EXERCISE INPUTS Block Start
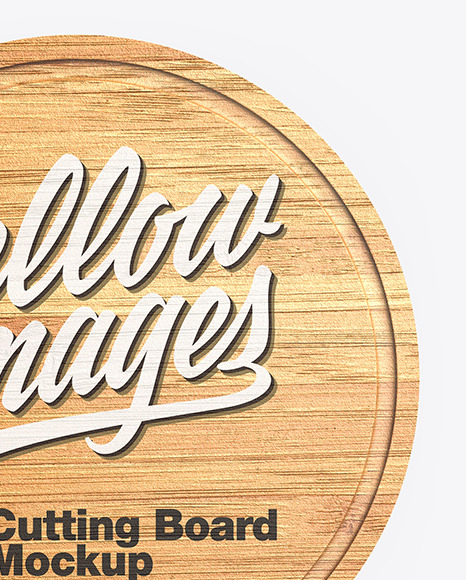 Round Wooden Cutting Board PSD #2
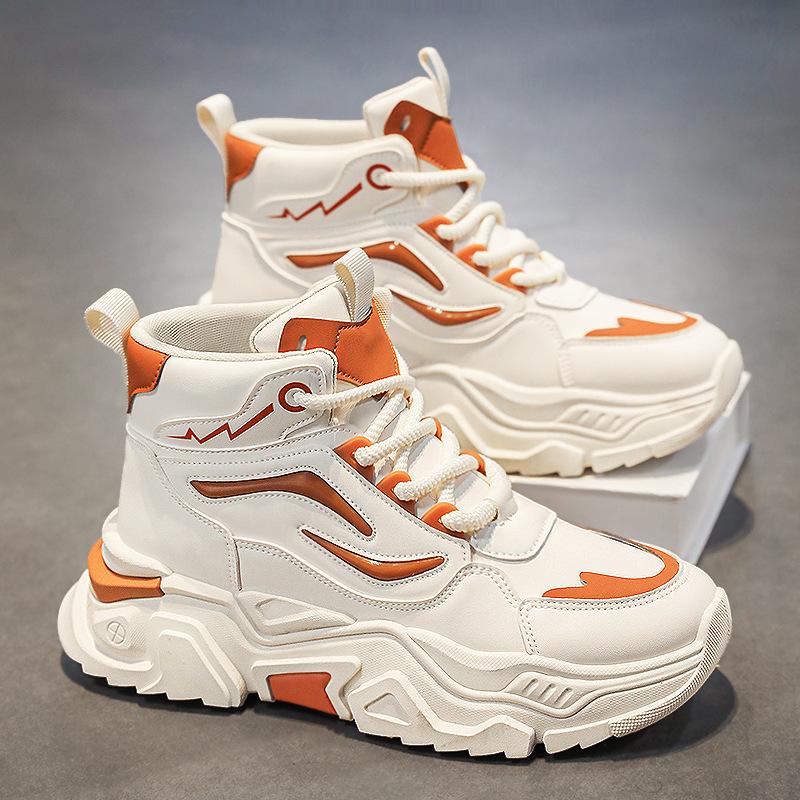 Pantofi bărbătești cu gleznă înaltă vară tineret baschet sport mărimi mari pantofi de skate mici albi impermeabili și cu talpă înaltă casual dad bocanci Martin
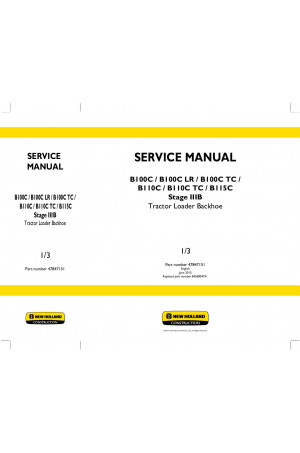 New Holland CE B100C, B100CLR, B100CTC, B110C, B110CTC, B115C Service Manual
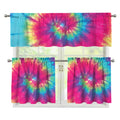 Blue Pink And Yellow Tie Dye Print 3 Piece Kitchen Curtains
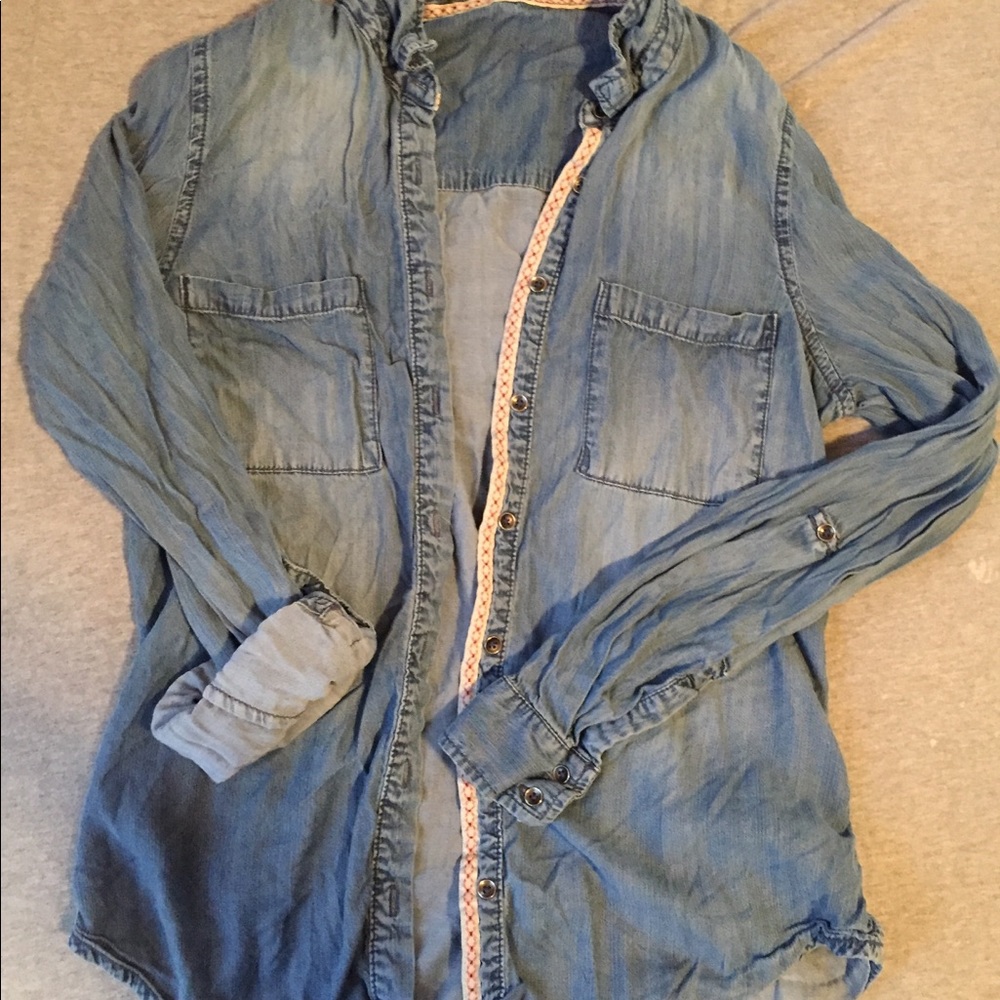 Denim button down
EXERCISE INPUTS Block End
[INSTRUCTIONS TO FOLLOW]: Omit the pictures and repeat the rest of the listing verbatim.

[THE COMPLETED TASK]:
 Round Wooden Cutting Board PSD #2
 Pantofi bărbătești cu gleznă înaltă vară tineret baschet sport mărimi mari pantofi de skate mici albi impermeabili și cu talpă înaltă casual dad bocanci Martin
 New Holland CE B100C, B100CLR, B100CTC, B110C, B110CTC, B115C Service Manual
 Blue Pink And Yellow Tie Dye Print 3 Piece Kitchen Curtains
 Denim button down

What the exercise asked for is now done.